▼▼▼
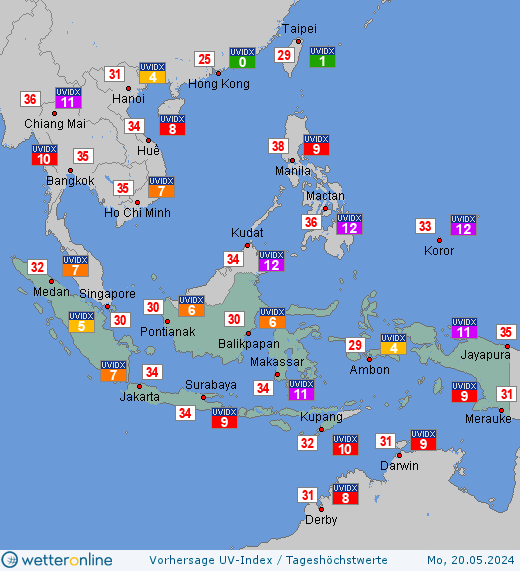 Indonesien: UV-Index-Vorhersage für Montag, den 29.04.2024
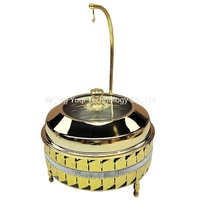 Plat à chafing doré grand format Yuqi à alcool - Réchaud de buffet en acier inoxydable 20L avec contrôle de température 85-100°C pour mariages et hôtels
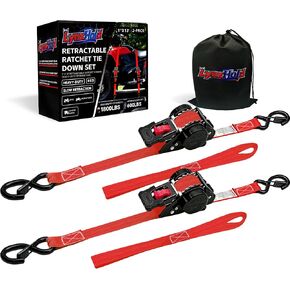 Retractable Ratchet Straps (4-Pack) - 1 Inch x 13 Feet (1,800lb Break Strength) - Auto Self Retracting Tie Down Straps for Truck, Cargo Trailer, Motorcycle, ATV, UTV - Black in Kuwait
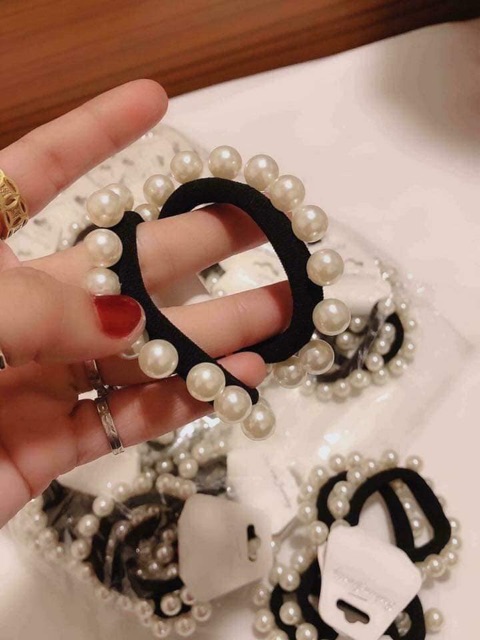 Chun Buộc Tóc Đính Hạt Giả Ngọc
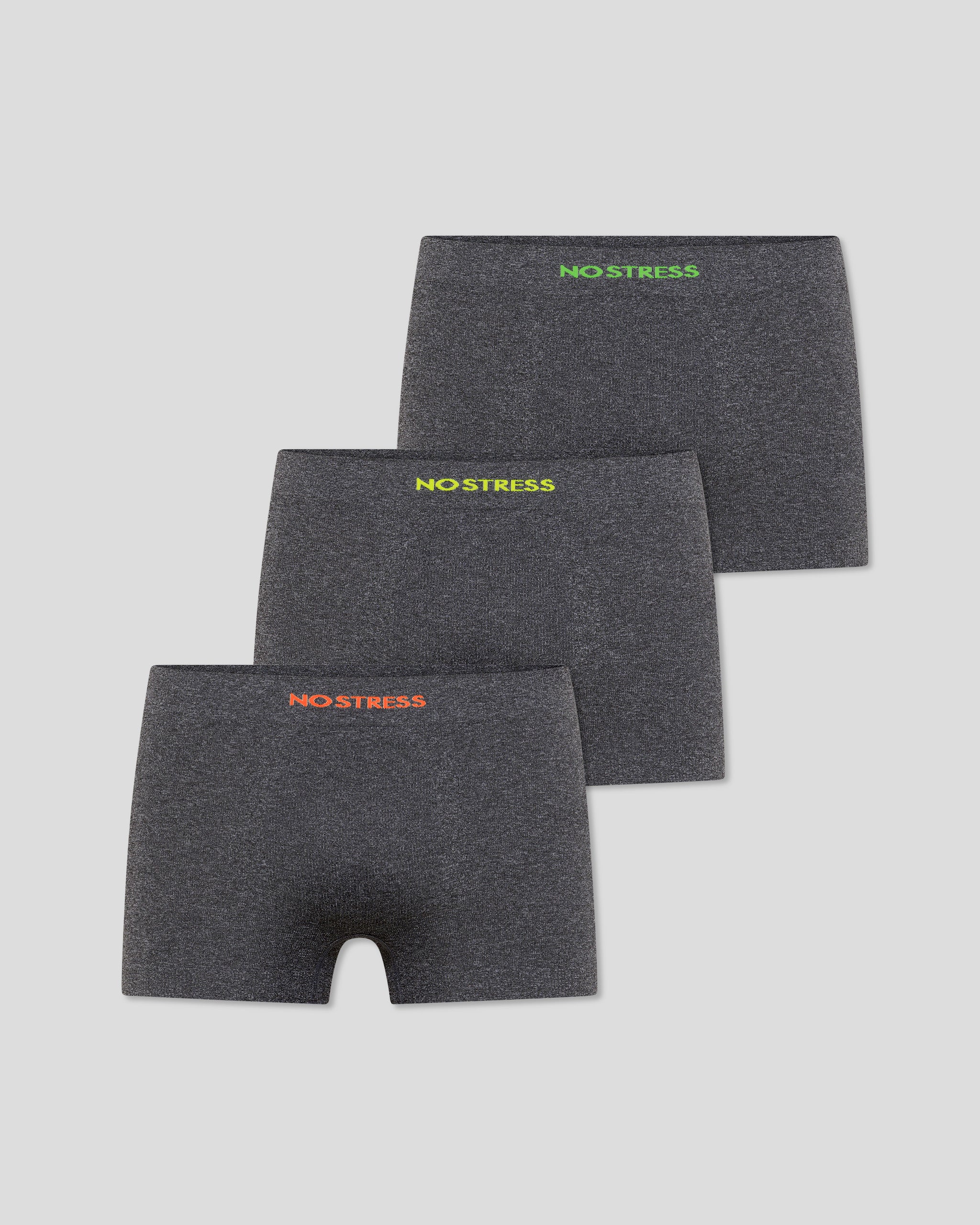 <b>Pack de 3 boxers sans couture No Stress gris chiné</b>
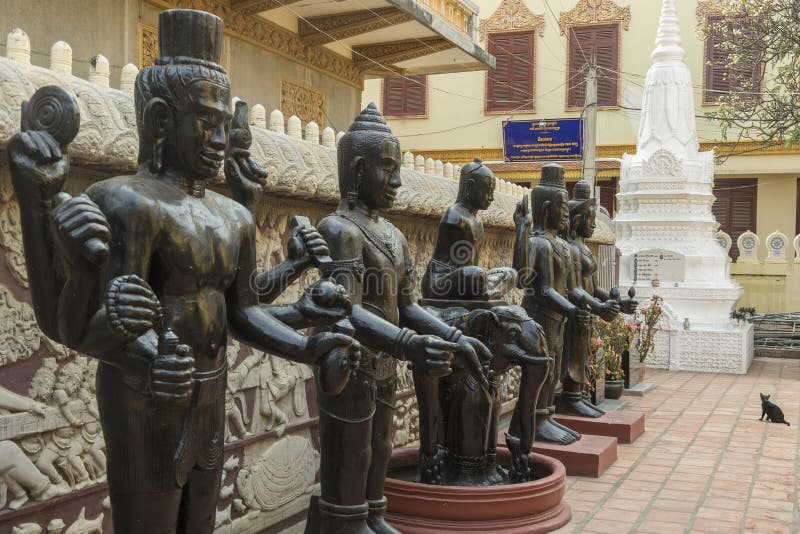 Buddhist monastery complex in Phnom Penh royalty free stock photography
▲▲▲
Type the records out again in full, exactly, with each picture omitted.

 Indonesien: UV-Index-Vorhersage für Montag, den 29.04.2024
 Plat à chafing doré grand format Yuqi à alcool - Réchaud de buffet en acier inoxydable 20L avec contrôle de température 85-100°C pour mariages et hôtels
 Retractable Ratchet Straps (4-Pack) - 1 Inch x 13 Feet (1,800lb Break Strength) - Auto Self Retracting Tie Down Straps for Truck, Cargo Trailer, Motorcycle, ATV, UTV - Black in Kuwait
 Chun Buộc Tóc Đính Hạt Giả Ngọc
 <b>Pack de 3 boxers sans couture No Stress gris chiné</b>
 Buddhist monastery complex in Phnom Penh royalty free stock photography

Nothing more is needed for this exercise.